▶ **Task item**
Only the lines holding "activities" are wanted; find them in the listing and return each one.

▶ **Source material**
##############################
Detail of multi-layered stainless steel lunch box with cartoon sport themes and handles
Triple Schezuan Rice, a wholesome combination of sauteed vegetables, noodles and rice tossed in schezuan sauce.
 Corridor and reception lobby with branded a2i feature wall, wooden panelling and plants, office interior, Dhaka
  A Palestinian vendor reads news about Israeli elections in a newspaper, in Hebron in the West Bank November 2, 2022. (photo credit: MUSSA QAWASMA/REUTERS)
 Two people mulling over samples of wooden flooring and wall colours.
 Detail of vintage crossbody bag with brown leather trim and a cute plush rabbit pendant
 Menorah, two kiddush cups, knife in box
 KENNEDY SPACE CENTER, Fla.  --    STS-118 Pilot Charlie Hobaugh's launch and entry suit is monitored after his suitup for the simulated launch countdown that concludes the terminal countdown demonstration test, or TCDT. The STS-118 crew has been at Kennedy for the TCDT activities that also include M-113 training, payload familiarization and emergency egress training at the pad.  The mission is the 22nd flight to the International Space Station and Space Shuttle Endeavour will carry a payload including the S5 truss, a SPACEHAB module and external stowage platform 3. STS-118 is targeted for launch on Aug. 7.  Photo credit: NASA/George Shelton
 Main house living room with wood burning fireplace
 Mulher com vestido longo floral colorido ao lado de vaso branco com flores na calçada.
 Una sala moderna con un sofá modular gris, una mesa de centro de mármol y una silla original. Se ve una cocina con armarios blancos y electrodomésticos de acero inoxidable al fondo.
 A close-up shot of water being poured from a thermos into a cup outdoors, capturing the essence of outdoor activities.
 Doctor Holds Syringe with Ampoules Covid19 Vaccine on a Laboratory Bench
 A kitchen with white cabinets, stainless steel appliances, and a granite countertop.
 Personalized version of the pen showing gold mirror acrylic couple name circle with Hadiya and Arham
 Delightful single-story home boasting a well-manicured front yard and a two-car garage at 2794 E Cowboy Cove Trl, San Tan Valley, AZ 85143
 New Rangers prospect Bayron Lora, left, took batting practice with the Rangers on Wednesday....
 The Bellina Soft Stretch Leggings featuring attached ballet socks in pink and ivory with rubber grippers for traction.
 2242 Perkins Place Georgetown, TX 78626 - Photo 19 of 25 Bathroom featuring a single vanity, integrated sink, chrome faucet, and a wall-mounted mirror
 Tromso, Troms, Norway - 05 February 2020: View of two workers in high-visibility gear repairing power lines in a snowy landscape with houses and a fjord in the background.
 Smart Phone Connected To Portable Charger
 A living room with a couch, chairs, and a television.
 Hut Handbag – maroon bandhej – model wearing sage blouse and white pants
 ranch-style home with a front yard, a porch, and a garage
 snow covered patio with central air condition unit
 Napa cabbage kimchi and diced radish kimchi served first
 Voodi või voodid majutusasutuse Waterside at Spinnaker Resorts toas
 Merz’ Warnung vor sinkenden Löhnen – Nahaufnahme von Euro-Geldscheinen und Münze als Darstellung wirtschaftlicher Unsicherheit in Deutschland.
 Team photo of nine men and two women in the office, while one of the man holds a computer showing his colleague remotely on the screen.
##############################
▶ **Exercise answer**
 KENNEDY SPACE CENTER, Fla.  --    STS-118 Pilot Charlie Hobaugh's launch and entry suit is monitored after his suitup for the simulated launch countdown that concludes the terminal countdown demonstration test, or TCDT. The STS-118 crew has been at Kennedy for the TCDT activities that also include M-113 training, payload familiarization and emergency egress training at the pad.  The mission is the 22nd flight to the International Space Station and Space Shuttle Endeavour will carry a payload including the S5 truss, a SPACEHAB module and external stowage platform 3. STS-118 is targeted for launch on Aug. 7.  Photo credit: NASA/George Shelton
 A close-up shot of water being poured from a thermos into a cup outdoors, capturing the essence of outdoor activities.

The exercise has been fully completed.